You can now upload your cockatiel pictures to our cockatiel gallery.  Enjoy.

Let me know if it works...


----------



## Bea

Yup, it works.


----------



## Riebie

Looks like we need to get uploading  Bea's birdies are ruling the roost!


----------



## Bea

Riebie said:


> Looks like we need to get uploading  Bea's birdies are ruling the roost!


Yeah, i'm getting sick of seeing my fids pretty faces.  You guys need to start uploading!! GO GO GO!


----------



## birdieness

Lol i've started to get some pics put on there. So maybe you will see a few of mine.


----------



## Laura

won't let me post any pics in the gallery, keeps saying bad file, maybe there to large


----------



## Dave

They might be too large or they might not be a good file extension. Check both. (Under 500 KB size and jpg is the best option for file extension for photos.)


----------



## Aly

I'll post when I get home (at work)


----------



## Laura

Dave said:


> They might be too large or they might not be a good file extension. Check both. (Under 500 KB size and jpg is the best option for file extension for photos.)


Thanks Dave, there jpg so I am thinking they might be to large


----------



## birdieness

I've had to crop and resize most of my picies for them to work. Keep trying.


----------



## Laura

birdieness said:


> I've had to crop and resize most of my picies for them to work. Keep trying.


thanks for the info  I am so not good with these things, but I am persistent, I am sure I will figure it out just takes me a little longer to do it


----------



## birdieness

in paint ( every computer i know of has it) you can resize them. go to image - stretch/strew. The higher the number the less it will shink. i ususally just go 50 50 and my pics are good to go


----------



## Laura

birdieness said:


> in paint ( every somputer i know of has it) you cna resize them. go to image - stretch/strew.

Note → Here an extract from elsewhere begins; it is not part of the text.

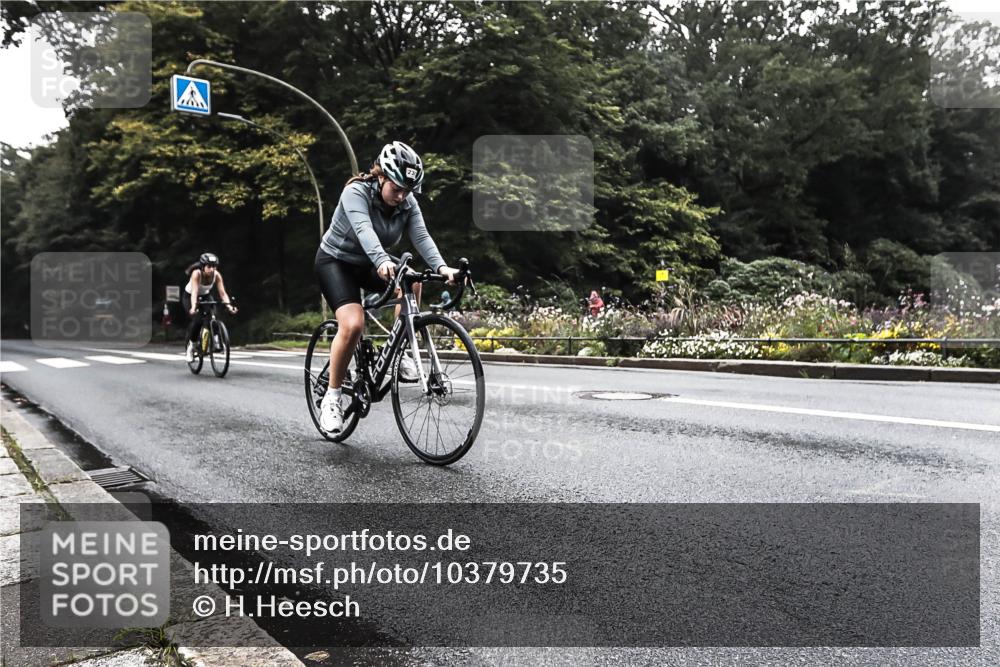 13.09.2026 - Stadtparktriathlon H.Heesch http://msf.ph/oto/10379735 13.09.2026 10:13:43 Radfahren 230, 246, 319 meine-sportfotos.de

The higher the number the less it will shink. i ususally just go 50 50 and my pics are good to go


thanks so much for that info I appreciate it  I will give it a try


----------



## Laura

Yay i figured out how to resize them on photobucket *pats myself on the back*...lol


----------



## Aly

I guess I'll try to do mine when I go home...won't be for a while..


----------



## birdieness

Lol i just came back to re read some stuff and just saw my spelling. I'll fix that there now.


----------



## Laura

birdieness said:


> Lol i just came back to re read some stuff and just saw my spelling. I'll fix that there now.


its ok I knew what you meant...lol


----------



## Bea

Looks like everyone's having fun with the gallery.  It's nice to see all our tiels up the top of the page.


----------



## Aly

Bea said:


> Looks like everyone's having fun with the gallery.  It's nice to see all our tiels up the top of the page.




I agree. I like it.


----------



## birdieness

Even tiels with a macaw lol.


----------



## Laura

I am glad I figured out how to do it...lol


----------



## birdieness

Lots of pictures in there now.


----------



## Bea

It's funny because so many of us have normal greys, i have to read the name to see who's been posting pics.


----------



## Sophia

Cool We need to get to work pronto


----------